Exercise inputs
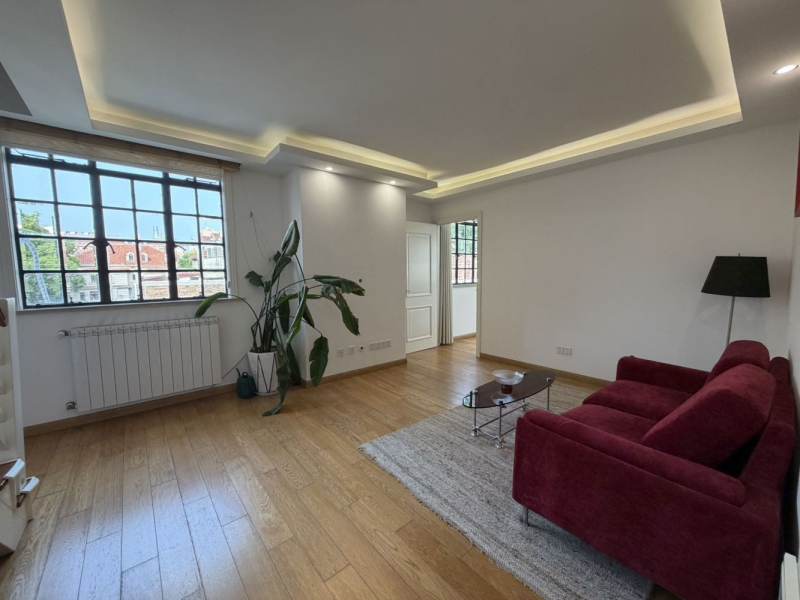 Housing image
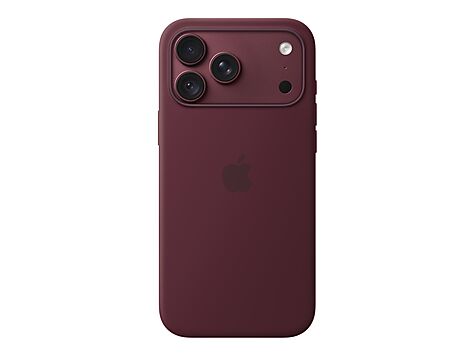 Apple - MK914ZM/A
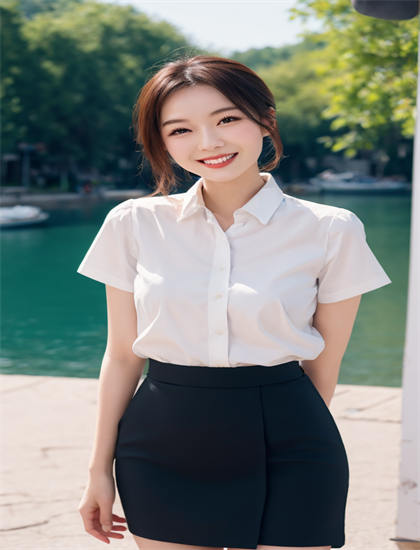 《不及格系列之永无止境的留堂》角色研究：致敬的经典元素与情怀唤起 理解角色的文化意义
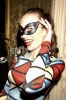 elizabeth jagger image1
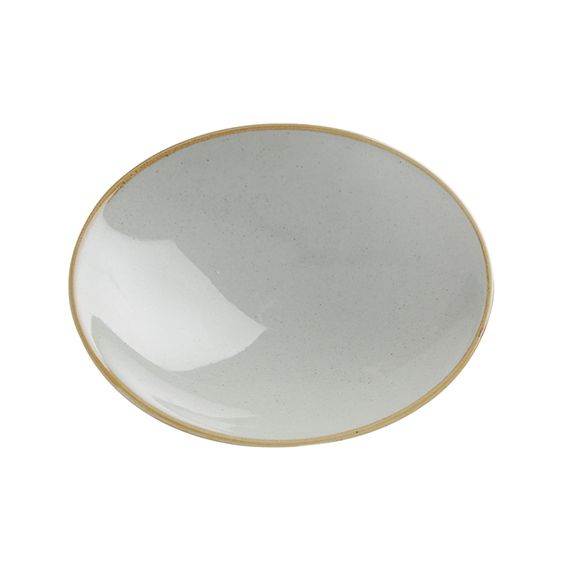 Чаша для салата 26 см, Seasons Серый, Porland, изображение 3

Task to carry out
Take the line with "elizabeth jagger image1" and every line after it through the end of the data, and write only them out exactly, leaving out the pictures.

Output of the exercise
 elizabeth jagger image1
 Чаша для салата 26 см, Seasons Серый, Porland, изображение 3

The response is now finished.